The Minute Book
Monday, 24 April 2017

Canadian Defence Budget Costs Mounting Steadily (1968)
Topic: Canadian Armed Forces

Canadian Defence Budget Costs Mounting Steadily (1968)

Quebec Chronicle-Telegraph, Quebec City, 29 November 1968

Washington (CP)—The standard American army rifle in 1946 cost $31. Its modern equivalent costs $150.

That five-fold increase in buying today's simple bread and butter military equipment holds generally true through the vastly more complicated and expensive items in modern arsenals.

It helps explain, officials say here, the protracted nature of Canada's review of military commitments for NATO, for North American defence and elsewhere—as reconciled with other priorities.

Canada has become only a moderate military spender. The Institute of Strategic Studies in London, for example, rates the over-all Canadian defence budget sixth among the 15-country NATO alliance and Canada 12th in the slice of its gross domestic product allocated to defence.

It says nine other NATO countries maintain larger defence establishments.

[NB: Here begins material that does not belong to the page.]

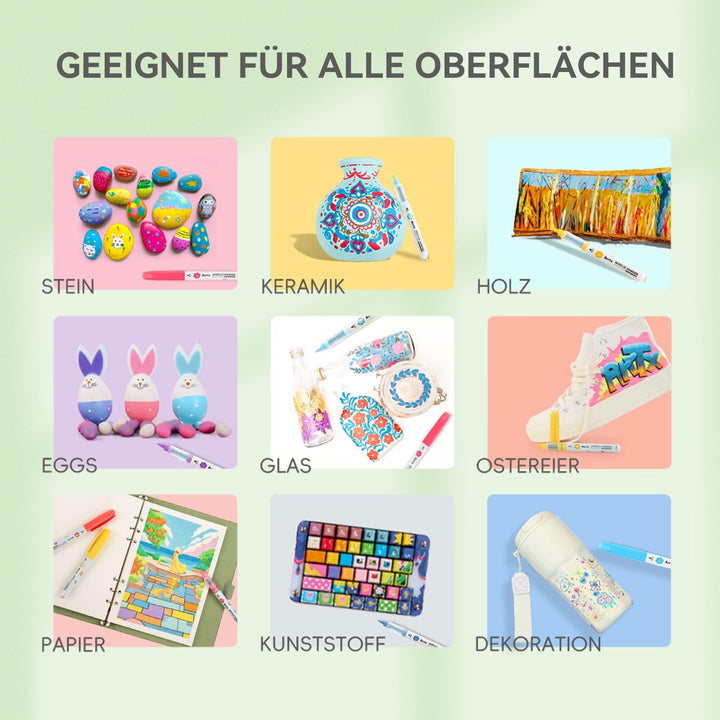 Arrtx Acrylmalstifte für Steinmalerei, 36 Farben Acrylstift Pinsel Spitze, Acryl-Marker, wasserfeste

But the simple maintenance of that status with new weapons to replace those now nearing their useful life will cost Canada tens of millions for aircraft alone at today's steadily-rising prices.

Newer Voodoos Needed

Three squadrons of Voodoo interceptor aircraft, acquired off the shelf from the U.S. for North American defence purposes, will be obsolete in 1973. They could be "stretched out" by swaps for some slightly newer American Voodoos. The U.S. price tag for each plane was $1,800,000.

Canada has six squadrons of CF-104 Starfighters with NATO, manufactured in Canada and also due to be retired in 1973. That price was about $2,000,000 a plane.

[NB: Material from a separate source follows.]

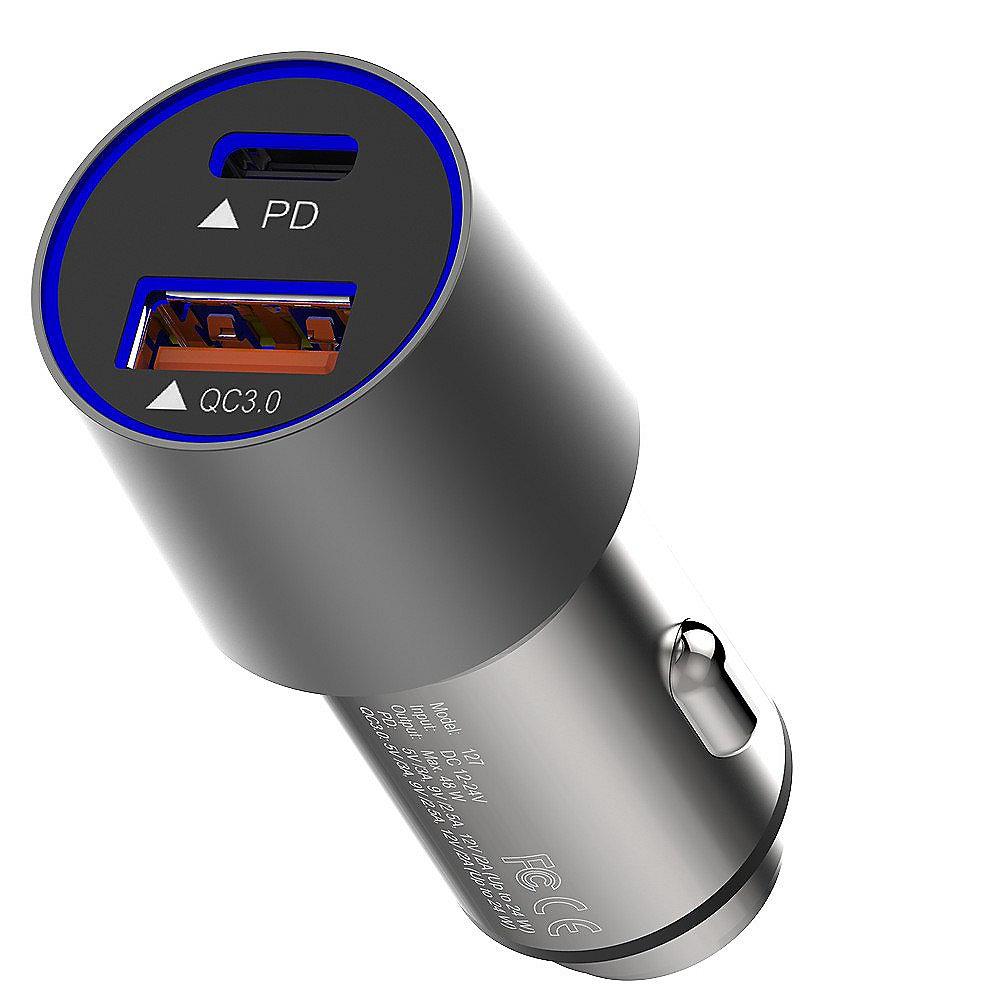 Adonit ADFCC Kfz-Ladegerät USB-C PD & USB-A QC 3.0 48W silb./grau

The Canadian defence department, mindful perhaps of the ill-fated Avro Arrow abandoned in 1959, recently decided against entering a consortium with European allies to build an all-purpose fighter interceptor aircraft.

Defence Minister Cadieux said 250 planes might have cost Canada as much as $2,000,000,000 over seven to eight years.

The alternative is to buy another off the shelf aircraft from the U.S., or some other supplier, unless the defence review leads to some other solution.

Canada also has 11 Canada-built Yukon and 24 Hercules transport aircraft to replace, not to mention that Canada-built Argus for anti-sub marine work.

Consider Giant Craft

Some consideration has been given to the world's largest aircraft being built by the U.S., the C5A, designed to carry about 700 troops each, or tanks or helicopters.

The U.S. defence department has just announced that the estimated price for each plane has gone up by $10,000,000—to about $35,000,000. It could be higher if labor and material costs, and technical bugs, continue their impact.

A strictly Canadian example of inflation is the four helicopter-carrying destroyers first planned in 1966 and perhaps earmarked for NATO use as Canada's contribution to the NATO response to the Soviet invasion of Czechoslovakia.

The original cost estimate for all four was about $160,000,000 and it now exceeds $220,000,000.

A lengthy list of then and now arms prices was read into one congressional record in October, based on official U.S. list prices, as a warning not to expect any reduction in military spending in the future.

The old B-17 of Second World War fame cost $218,000 and the controversial F-111 fighter-bomber costs $7,000,000. The F-86 Sabre jet fighter used in Korea cost a little less than $300,000—Canada built about 1,800 at an average cost of $355,000—and the F-4 Phantom, the best U.S. plane in Vietnam, costs $2,100,000.

A Second World War submarine came at $4,700,000 and a modern nuclear attack sub costs $77,000,000. The battleship New Jersey cost $108,000,000 to build between 1940 and 1943. To get it out of mothballs, for a belated appearance off Vietnam recently, cost $20,000,000.

An 81 millimetre mortar cost $669 in 1946 and costs $2,430 this year.

Even the cost of a cot, canvas, folding, is up. It cost $6.00 eight years ago and now it costs $15.